A pesquisa revela que praticamente 2/3 dos entrevistados (64,3%) acham que o mandato deve ser por tempo determinado para o exercício da função, ao contrário da situação atual na qual um ministro do STF só deixa o cargo ao se aposentar. Somente 25,7% dos entrevistados preferem manter tudo como está.

Entre aqueles que concordam com um prazo definido para o mandato dos magistrados do STF, há imensa preferência (81%) por um mandato idêntico ao de um senador da República: 8 anos. O prazo máximo indicado pela pesquisa (20 anos) obteve um pequeno percentual (3,1%), menor até mesmo que o percentual dos que não souberam ou preferiram não opinar (4,3%).

Tenho defendido que o país precisa de uma corte constitucional, cujos membros tenham mandato e que cuide, exclusivamente, de proteger e resguardar a Constituição da República. Isso evitaria o surgimento de ministros oráculos que se permitem arvorar a decidir o destino político do país, ao mesmo tempo em que se acovardam diante das mazelas sociais que batem à porta do STF. Essas figuras curiosas, reflexo das transmissões ao vivo da TV Justiça, ao mesmo tempo em que decidem sem qualquer preocupação com a Constituição, tornam-se celebridades fora do tribunal, acreditando, mesmo diante do evidente ridículo, serem os novos intérpretes do Brasil.

Toda essa soberba e autoritarismo tem como uma das suas raízes a inexistência de limite temporal para o exercício do cargo. São poderes praticamente absolutos os que detêm os ministros da suprema corte, longe de qualquer controle da sociedade e do próprio Direito.

A JusDH, organização da sociedade civil, tem desde 2011 apresentado propostas e críticas à forma como o Judiciário se organiza no Brasil. Dentre elas, no que toca ao processo de escolha de ministros do STF, a organização defende chamada pública de candidaturas; disponibilização dos nomes e antecedentes curriculares das candidaturas consideradas pela Presidência da República (no portal eletrônico da mesma); abertura de prazo para consulta pública a respeito dos pré-candidatos e publicização das informações; elaboração e publicação de relatório final que justifique a escolha do candidato ou candidata que será submetido à sabatina do Senado.

Com isso, longe de se retirar a prerrogativa do presidente eleito, o processo poderia permitir maior participação da sociedade e evitar um ritual praticamente secreto. Foi o que fez a Argentina com o Decreto 222/2003, que listou um conjunto de providências a serem tomadas para viabilizar a participação da sociedade no processo de escolha do novo integrante da Corte Constitucional. Bolívia e Equador são outros exemplos de superação das formas tradicionais de escolhas de ministros das cortes constitucionais.

No Equador, a partir de 2008, a nomeação dos membros do Tribunal Constitucional se dá com a escolha prévia de candidatos pelo Executivo, Legislativo e associações de controle social, após a qual se realiza um concurso público.
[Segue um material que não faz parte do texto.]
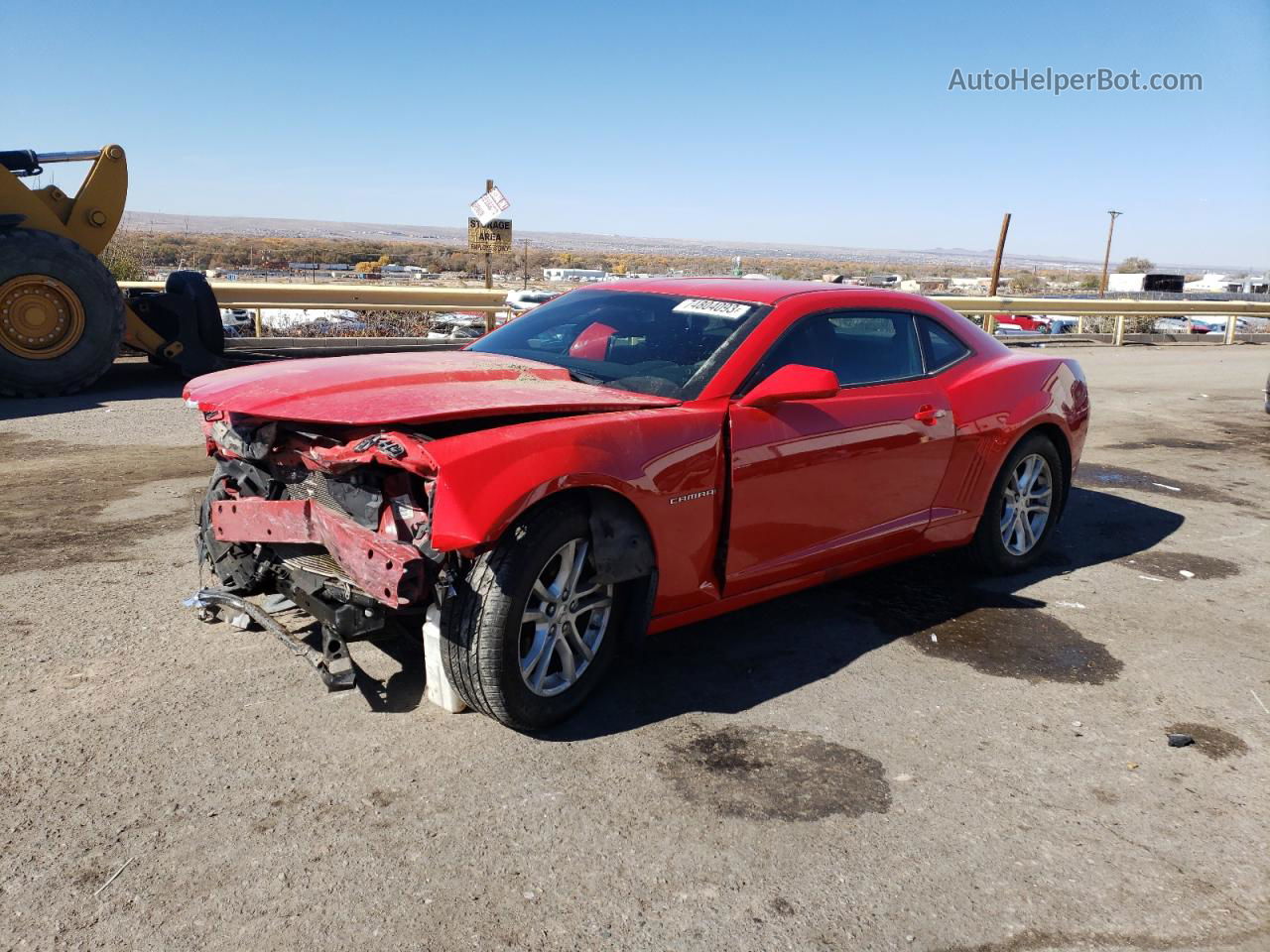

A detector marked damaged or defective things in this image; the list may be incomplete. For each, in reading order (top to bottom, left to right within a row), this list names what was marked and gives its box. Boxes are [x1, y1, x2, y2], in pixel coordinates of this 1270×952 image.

crumpled hood [184, 349, 679, 424]
damaged radiator support [190, 583, 357, 686]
Na Bolívia, desde 2009, o Tribunal Constitucional Plurinacional, órgão máximo responsável pelo controle de constitucionalidade, é composto de membros eleitos por critérios de plurinacionalidade, com representação do sistema ordinário e do sistema indígena originário campesino. O procedimento de eleição se dá pelo sufrágio universal e para mandato de dez anos, com possibilidade de recondução.

Infelizmente, nos governos Lula e Dilma, perdemos a oportunidade de fazer uma profunda e efetiva reforma para democratizar o Poder Judiciário, aumentar o controle efetivo da população e a transparência sobre os gastos, acabar com os privilégios imorais e exigir de cada postulante ao cargo de ministro do STF (e das outras cortes de Justiça) uma trajetória de compromisso inequívoco com os direitos humanos e a Constituição.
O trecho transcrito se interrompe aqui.